Current management of pectus excavatum.

作者信息

Fonkalsrud Eric W

出版信息

World J Surg. 2003 May;27(5):502-8. doi: 10.1007/s00268-003-7025-5. Epub 2003 Apr 28.

Abstract

Pectus excavatum (PE) is one of the most common anomalies of childhood. It occurs in approximately 1 in every 400 births, with males afflicted 5 times more often than females. PE is usually recognized in infancy, becomes much more severe during adolescent growth years, and remains constant throughout adult life. Symptoms are infrequent during early childhood, but become increasingly severe during adolescent years with easy fatigability, dyspnea with mild exertion, decreased endurance, pain in the anterior chest, and tachycardia. The heart is deviated into the left chest to varying degrees causing reduction in stroke volume and cardiac output. Pulmonary expansion is confined, causing a restrictive defect. Repair is recommended for patients who are symptomatic and who have a markedly elevated pectus severity index as determined by chest X-ray or computed tomography scan. Repair using the highly modified Ravitch technique is usually performed after the age of 8 years. The optimal age for repair is between 12 and 16 years. Repair can be performed on adults with similar good results. Recent modifications in the Ravitch technique remove minimal cartilage and routinely use a temporary internal support bar for 6 months. Operation rarely takes more than 3 hours, and hospitalization rarely exceeds 3 days. Pain is mild and complications are rare, with 97% of patients experiencing a good to excellent result. The new minimally invasive Nuss repair avoids cartilage resection and takes less operating time, but is associated with more severe pain, longer hospitalization and a higher complication rate, with the bar remaining for 2 or more years.
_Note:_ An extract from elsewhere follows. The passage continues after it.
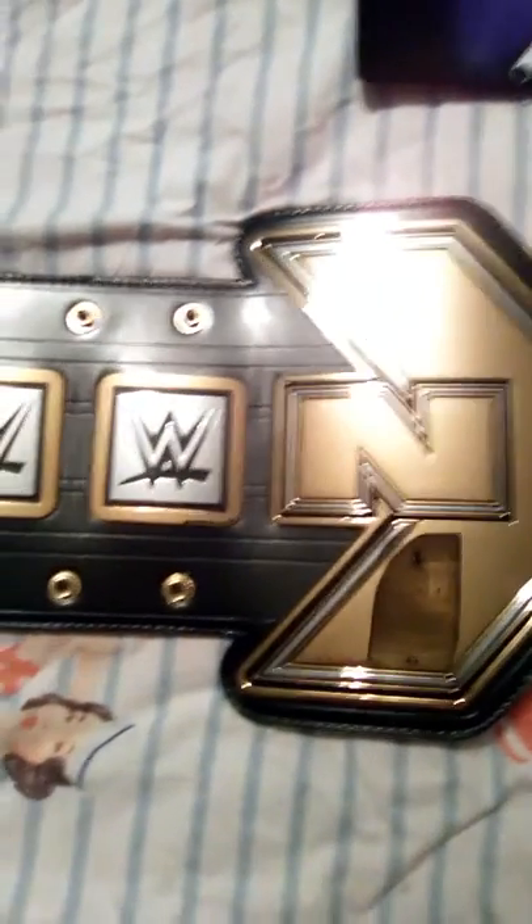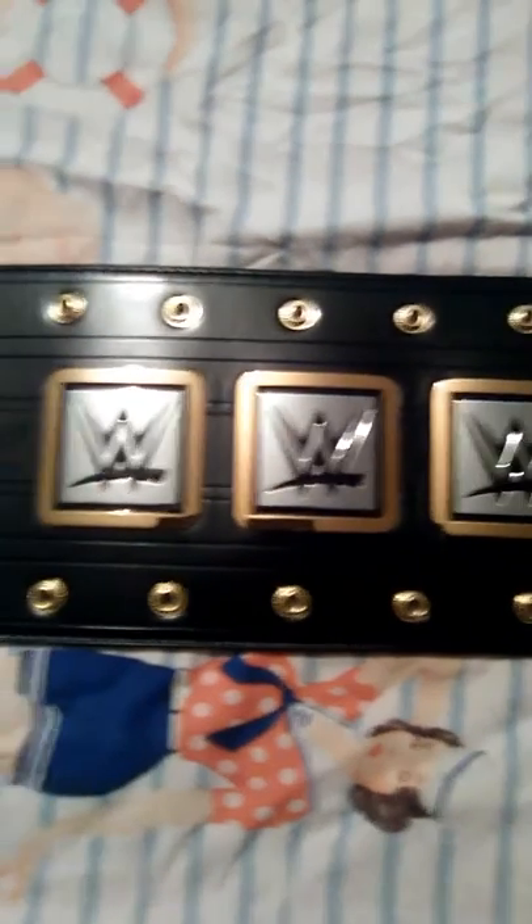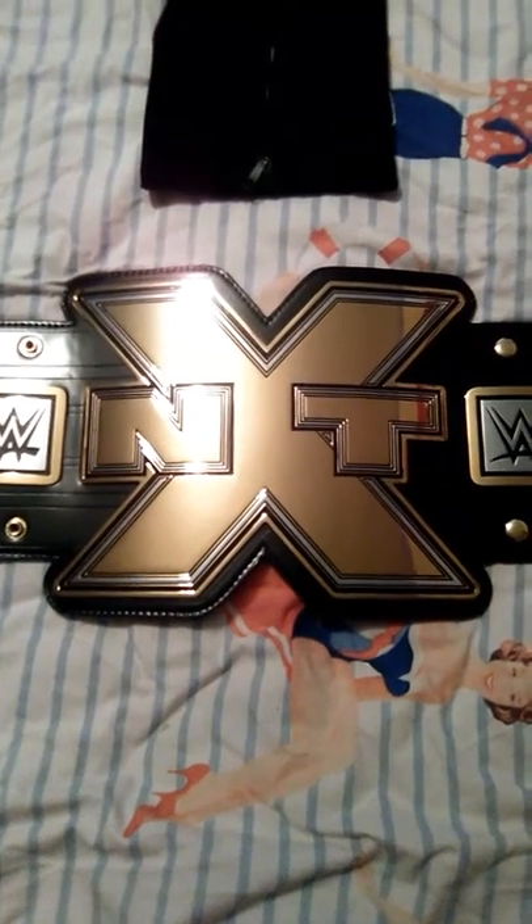I absolutely love this belt. I've been a fan of NXT since it started — I absolutely love it, I think it's the best thing WWE are putting out at the moment. I've said it many times and I've been wanting the replica since it came out, so finally managed to work to get it into my collection. It's absolutely amazing.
This technique is less applicable to older patients and those with asymmetric deformities. Long-term follow-up will be necessary to determine which operation may be best for any specific patient.

摘要

漏斗胸(PE)是儿童期最常见的畸形之一。每400例出生中约有1例发生,男性患病几率是女性的5倍。漏斗胸通常在婴儿期被发现,在青春期生长阶段会变得更加严重,并在成年期保持不变。幼儿期症状不常见,但在青春期会越来越严重,表现为容易疲劳、轻度运动时呼吸困难、耐力下降、前胸疼痛和心动过速。心脏不同程度地向左胸偏移,导致每搏输出量和心输出量减少。肺扩张受限,导致限制性缺陷。对于有症状且经胸部X光或计算机断层扫描确定漏斗胸严重指数明显升高的患者,建议进行修复手术。使用高度改良的Ravitch技术进行修复通常在8岁以后进行。最佳修复年龄在12至16岁之间。也可以对成年人进行修复,效果同样良好。Ravitch技术最近的改进是去除最少的软骨,并常规使用临时内部支撑杆6个月。手术很少超过3小时,住院时间很少超过3天。疼痛轻微,并发症罕见,97%的患者效果良好至极佳。新的微创Nuss修复术避免了软骨切除,手术时间更短,但疼痛更严重,住院时间更长,并发症发生率更高,支撑杆要保留2年或更长时间。这种技术不太适用于老年患者和有不对称畸形的患者。需要长期随访以确定哪种手术对任何特定患者可能是最佳选择。